How it binds people who never signed anything

This is the crux. Arbitration is consent‑based. Beneficiaries typically do not sign the trust deed. Offshore jurisdictions take different approaches:

  • Some rely on “deemed consent” theories: by accepting a benefit, a beneficiary accepts the dispute resolution mechanism.
  • Some permit courts to appoint representatives for minors/unborn beneficiaries and approve arbitration on their behalf.
  • A few have statutory support for ADR in trusts, enabling arbitration to bind a wide category of beneficiaries in defined circumstances.

Whether and how a clause binds non‑signatories drives most enforceability questions, which is why the choice of governing law, seat of arbitration, and drafting detail matter.

Why arbitrate trust disputes

There are real, practical upsides to arbitration for trustees and families.

  • Privacy: Trusts are designed for discretion. Court claims can expose trust terms, finances, and family dynamics.

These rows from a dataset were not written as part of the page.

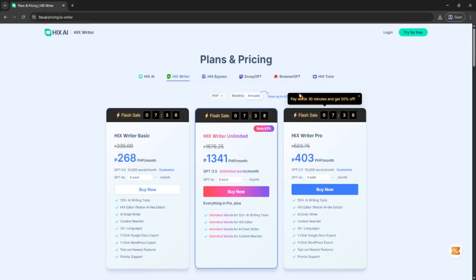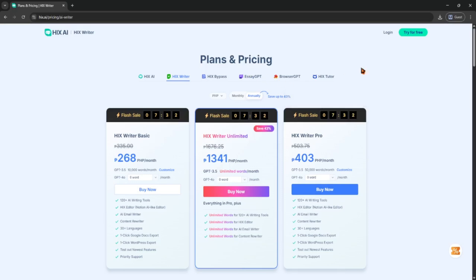Hey guys, so if you're trying to cancel your Hicks AI subscription, it's actually pretty simple. First, just log into your Hicks AI account using your browser. It's best to do this on a laptop or desktop so everything shows up clearly.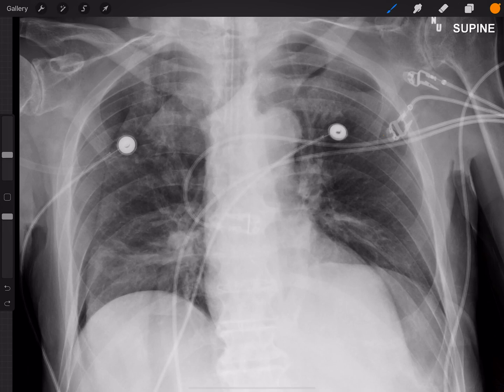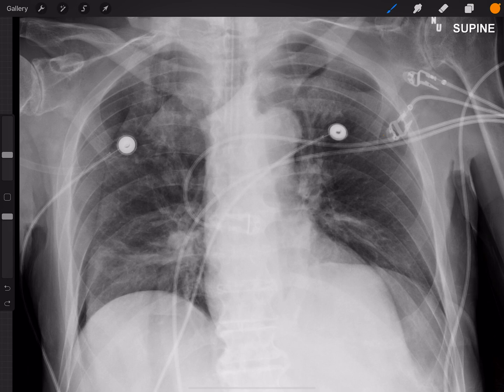Hey everybody, this is Rishi Agarwal and in this video I just wanted to show you a quick case that I see really commonly, but people make mistakes on it over and over again. Clinicians will misdiagnose it, residents will misdiagnose it, and even occasionally radiology attendings will misdiagnose it. Take a look at this chest x-ray — imagine you're a radiology resident and the ED physician calls you because they're concerned about a pneumothorax on the right side. Would you call this a pneumothorax?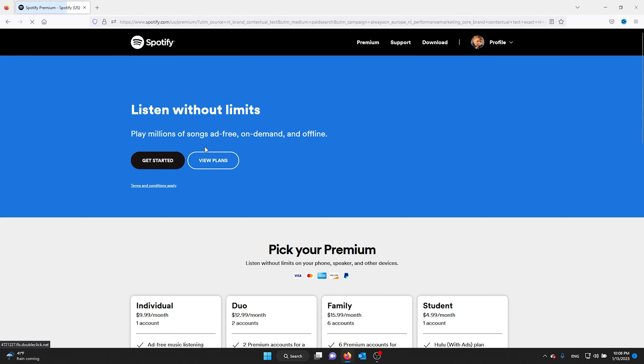Now make sure that you open up the web player and not your Spotify application on your mobile phone or your computer, because it doesn't work through the apps. You need to go to the web browser for this to work.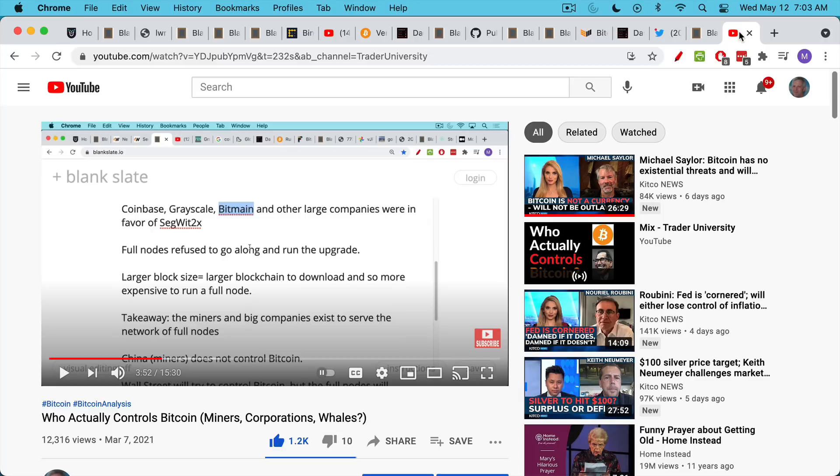about who actually controls Bitcoin and how there's this interplay between miners, whales, corporations, and full nodes. And spoiler alert, it turns out it's actually the full nodes who are behind it. I go into a lot of detail. I talk about the 2017 block wars and how this shows you that Bitcoin is really a project that's driven by the full nodes.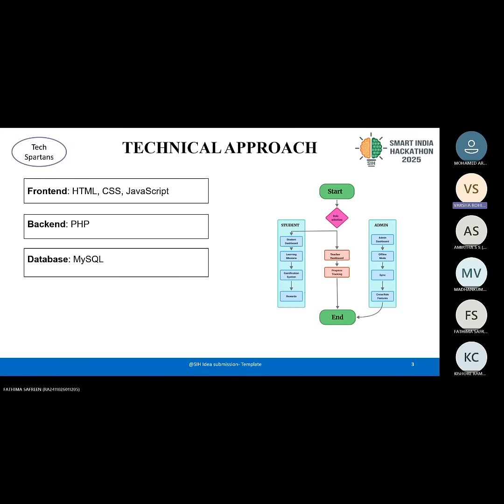Technically, it's lightweight and low-cost. The front-end is built with HTML, CSS, and JavaScript. The back-end uses PHP with MySQL.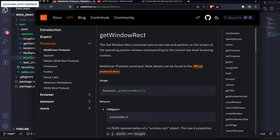Hello everyone, welcome back. In this session today we are going to see one of the browser commands: getWindowRect or setWindowRect. It is one of the methods in the browser in WebdriverIO which will let you fetch the position and the size of your browser window, and also change or update the position and size.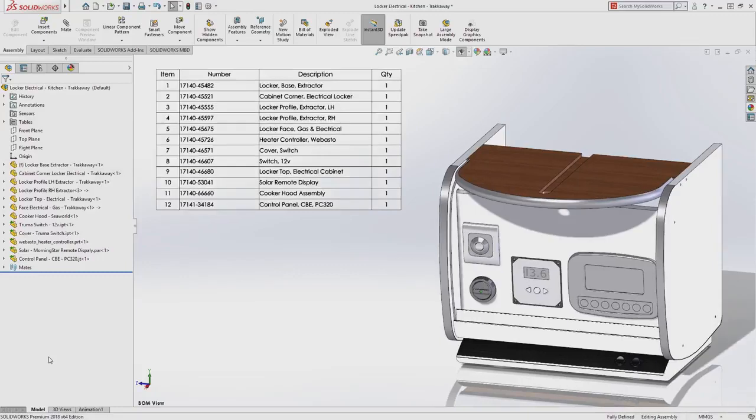3D interconnect continues to allow you to leverage 3D design data from whatever source you like without compromising on capability.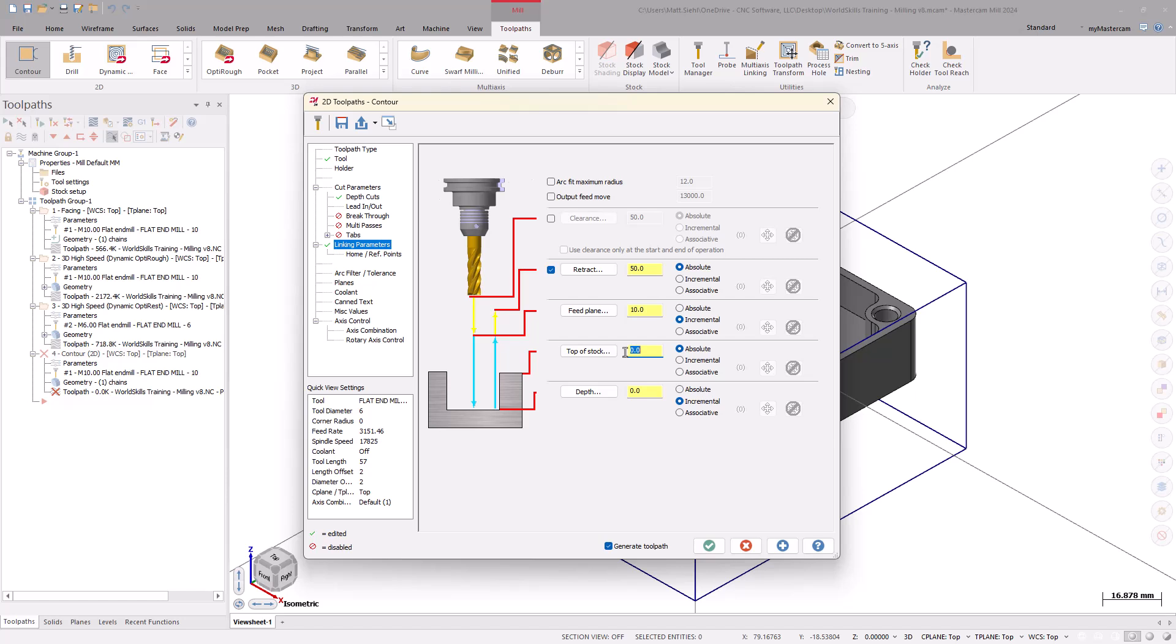With the Depth being set to Incremental 0, it is cutting to the geometry's depth. Since the roughing operation went 2mm deeper, let's change the depth from 0 to -2 incremental to account for that. Once that is done, select OK to generate the toolpath.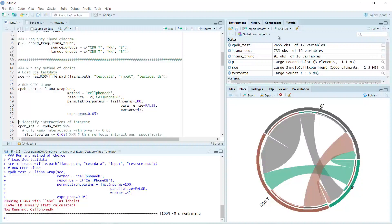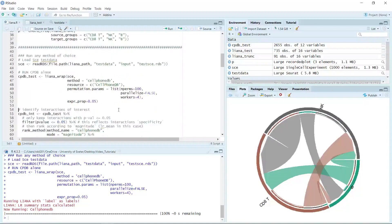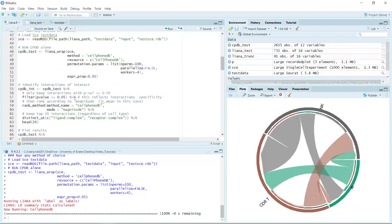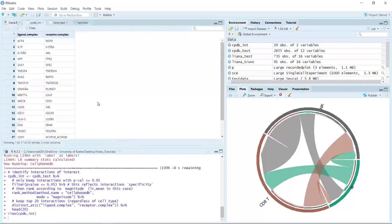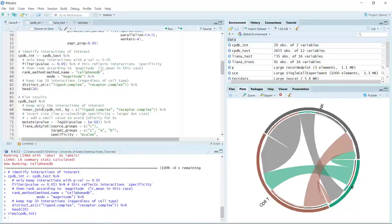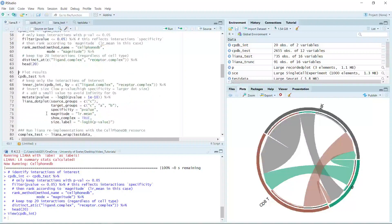We can still use the liana_wrap function. You can just set the method you like in the method part and also the resource part. I copied the code from the online tutorial — we use 100 for the permutation parameter. Let's run. Now you can see we only ran the CellPhoneDB method and will get the result from the CellPhoneDB analysis. You can see now we have 2655 rows with 12 columns. But not all the results are significant, so we can filter the data — just keep the p-value smaller than 0.05 and only keep the top 20 interactions.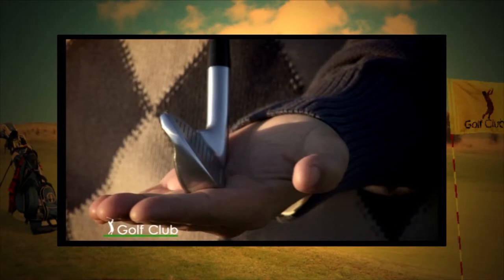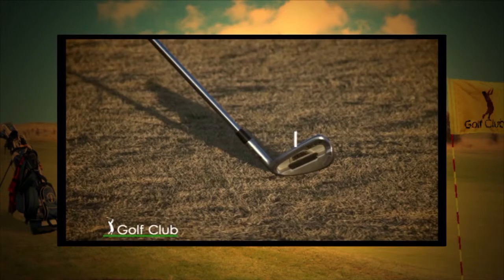El golpe recto es un tiro que se realiza con la cara del palo perpendicular a la línea de juego.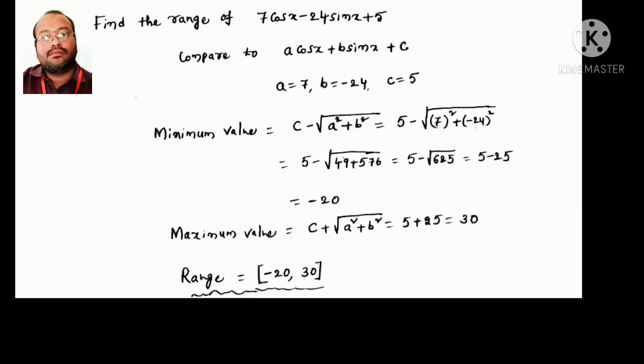Next equation: find the range of 7cos x − 24sin x + 5. Comparing with a·cos x + b·sin x + c, we get a = 7, b = −24, c = 5. The minimum value is c − √(a² + b²) = 5 − 25 = −20. The maximum value is c + √(a² + b²) = 5 + 25 = 30. So the range is [−20, 30].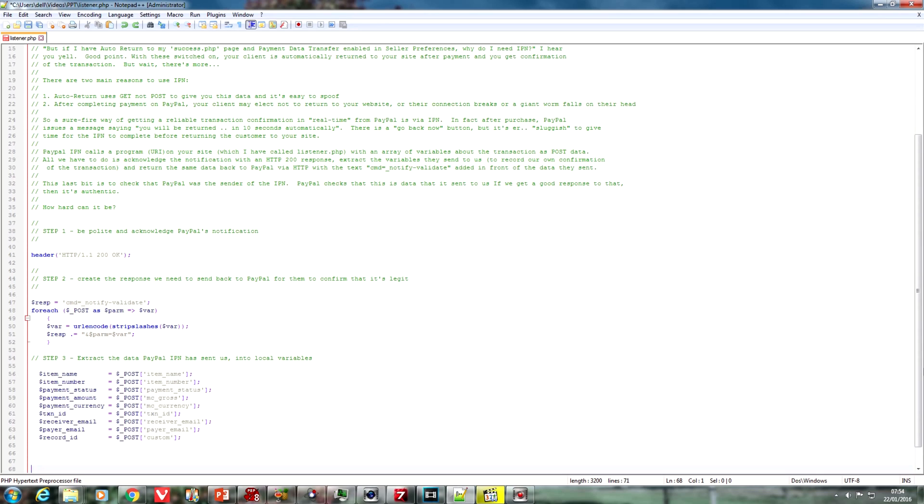Now, before we go back to PayPal and validate that the data was indeed sent by PayPal, we should extract the data we want out of it into local variables. Now, there are many variables that are available to you, and I suggest you look on the IPN documentation to see what's around. But in the interest of brevity and clarity, I've stripped it back to just a few here, such as the name of the item, the number, the currency, the amount, the name of the payer email, and just one field I want to point out at the bottom there. It isn't the mandatory field, but it's one I use quite extensively. It's the custom field, but we'll get on to that a little bit later.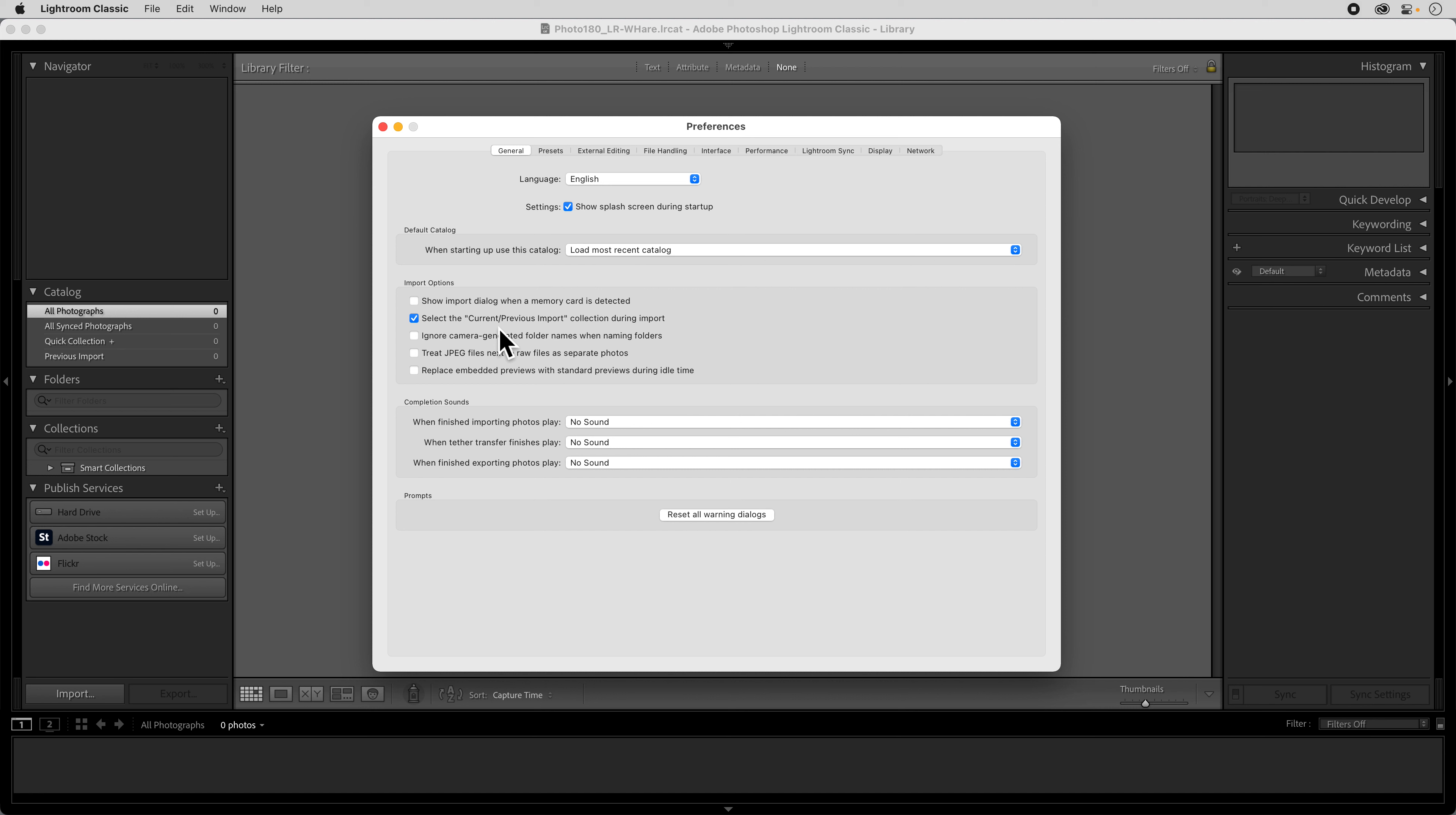Leave the rest of this checked and the rest of the settings on. I mean you can change it to have sounds play when you want them to play. If you shoot JPEG plus RAW and you want to see the JPEG and the RAW you can say treat JPEG files next to the RAW files as separate photos. But other than that we want to keep all of that off.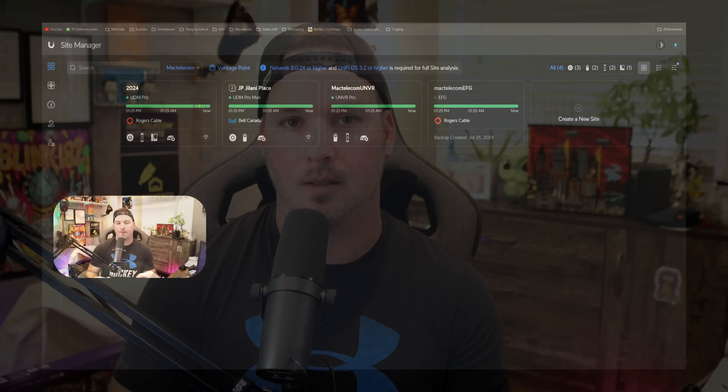Hey everyone, Cody from MacTelecom Networks. Today I'm gonna go over my top five website resources for UniFi that I think everyone should know about. Most of these resources I use every day, and I think it would be helpful for others to be able to use, so let's jump right into it.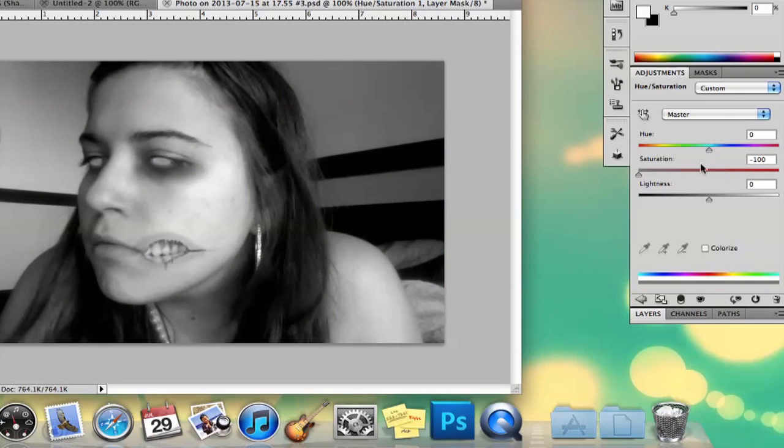And that is how you turn it black and white. My name is Alex and this is how you revert colors to black and white in Photoshop. Thank you.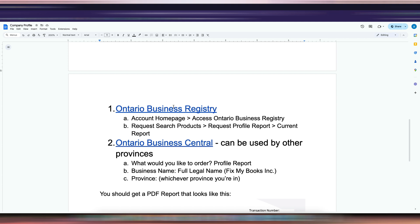If you get your Ontario Business Central report and the details are not correct, you will have to file a notice of change. You can file it with Ontario Business Central as well, or through your Ontario Business Registry account. I'm not sure if a lot of people have a Business Registry account, that's why I'm giving you the alternative because it's much easier — you just have to pay a little more.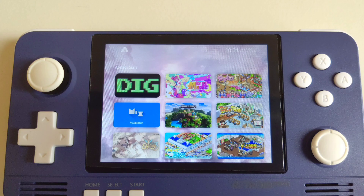Hi guys, welcome to another tutorial. Today we are going to talk about ATV Launcher. There are a few questions asking about how to set up ATV Launcher and how to make the icons bigger, so today I'm going to talk about that.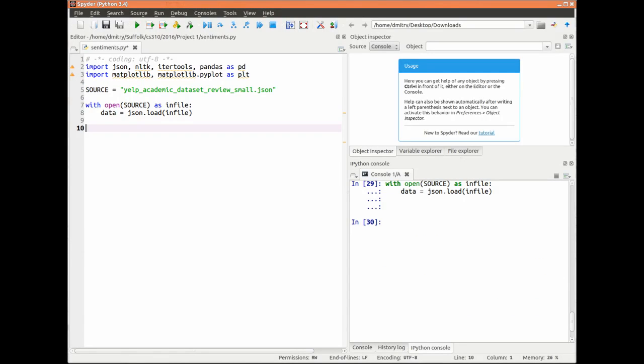I will take the data for the analysis from the Yelp Academic dataset. The dataset is a collection of JSON files and is available for download from Kaggle. I will use only 10% of all reviews to save time. It is still an impressive collection of 150,000 texts.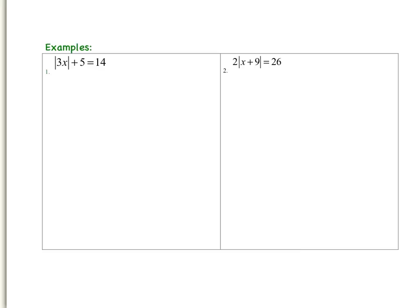Our first example is the absolute value of 3x plus 5 equals 14. Our first step is to isolate the absolute value expression. That means I need to subtract 5 from both sides of the equation. And so if I do that, I'm going to end up with the absolute value of 3x equal to 9.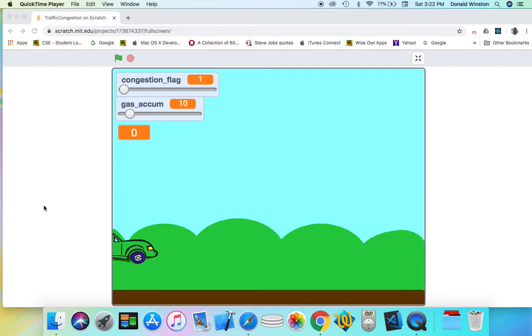But if you take the city roads, 15 minutes should be added to the amount of time. It should double. So let's take a look here and see.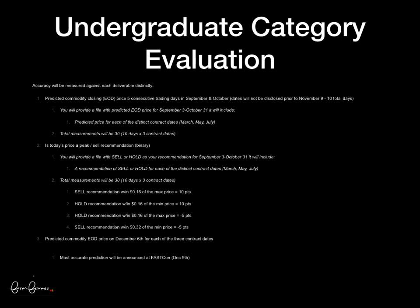We will also look on December 7th in evaluating your end-of-day prediction for December 6th. The most accurate team for each of the three contract dates, aggregated together, will be announced on December 9th at FASCON. Good luck!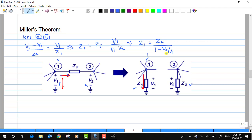In general, if there is a gain from node 1 to node 2, let us assume that the gain is AV. Then Z1 can be rewritten as ZF divided by (1 minus AV). We will not put a modulus — it is just the gain.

Arbitration proceedings and awards are generally confidential, especially if the rules and seat reinforce confidentiality.
  • Expertise: You can appoint arbitrators with deep trust law experience—former Chancery judges, QCs/KCs, or senior counsel with offshore chops—rather than taking your chances with a generalist court.
  • Flexibility: Tailor procedure to the dynamics: limited discovery, confidential expert hot‑tubbing, bifurcation of issues, or fast‑track relief.
  • Speed: International arbitration statistics commonly show final awards within 12–18 months, and expedited procedures can be quicker. That’s typically faster than multi‑jurisdiction court litigation.
  • Enforceability: Awards seated in New York Convention states can be recognized across 170+ countries. That reach is especially relevant when trust assets or counterparties sit in multiple jurisdictions.
  • Reduced collateral damage: Keeping disputes out of public court avoids reputational spillover and the “scorched‑earth” litigation spiral that can poison family relationships.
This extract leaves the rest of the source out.